## Minimising the Rosenbrock Function using Mathematica

The minimization of the Rosenbrock function is a classic test problem that is extensively used to test the performance of different numerical optimization algorithms. It was first introduced in 1960 by H.H Rosenbrock in his paper, “An Automatic Method for Finding the Greatest or Least Value of a Function, *Computer J.* **3**, 175-184, 1960 (See here for Rosenbrock’s account of how he came to write that paper.)

The function definition is given below and, although it looks harmless enough, it turns out to be quite challenging to find it’s minimum point by numerical methods.

Acording to Google Scholar, Rosenbrock’s paper has been cited no less than 596 times (as of April 9th 2008) and the function he introduced has been used as a test problem for many different numerical solvers including those in the Matlab Optimization toolbox, The NAG libraries, COMSOL and SciPy (A python module).
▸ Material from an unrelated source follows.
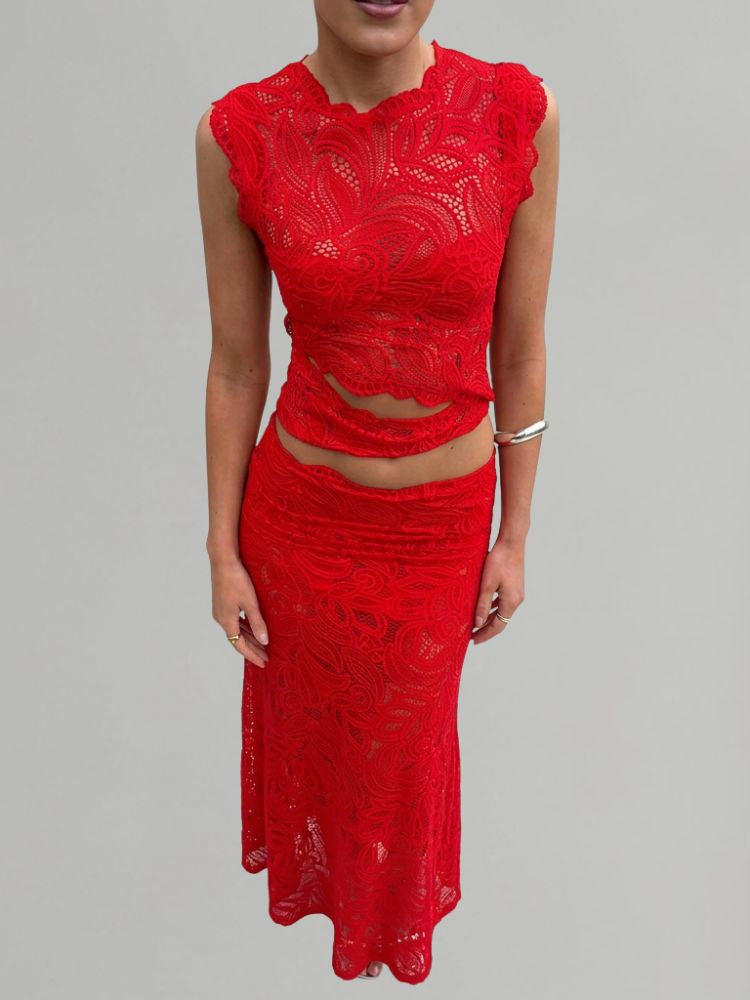 Tweedelige Dames Kanten Set met Crop Top en Midi Rok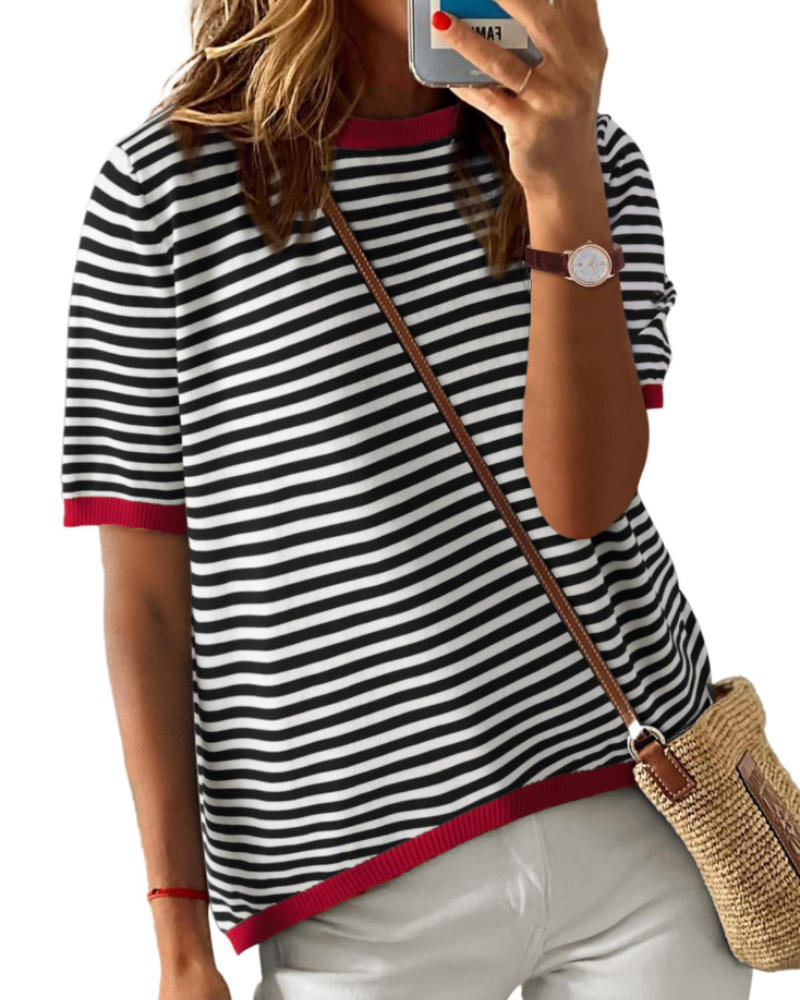 Top Ainsley Punto Rayas Femme – Col Rond, Manches Courtes et Coupe Ample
So why is this innocuous looking function so difficult to minimise? To answer that let’s first take a look at its contour plot using Mathematica.

ContourPlot[(1 – x)^2 + 100 (y – x^2)^2, {x, -2, 2}, {y, -2, 2},

ContourShading -> False, Contours -> Table[10^-i, {i, -2, 10, 0.5}]

, Epilog -> {Black, PointSize[Large], Point[{1, 1}]}]

The global minimum of the Rosenbrock function lies at the point x=1, y=1 and is shown in the above diagram by a black spot. Note that the contours are not evenly spaced in this diagram – they are logarithmically spaced instead so the solution lies inside a very deep, narrow, banana shaped valley. The distinctive shape of this function’s contour lines is the reason for its alternative name – “Rosenbrock’s banana function”.

The valley causes a lot of problems for search algorithms such as the method of steepest descents which will quickly find the ‘entrance’ to the valley and then spend hundreds of iterations zigzagging from one side of it to the other – making very slow progress towards the minimum itself.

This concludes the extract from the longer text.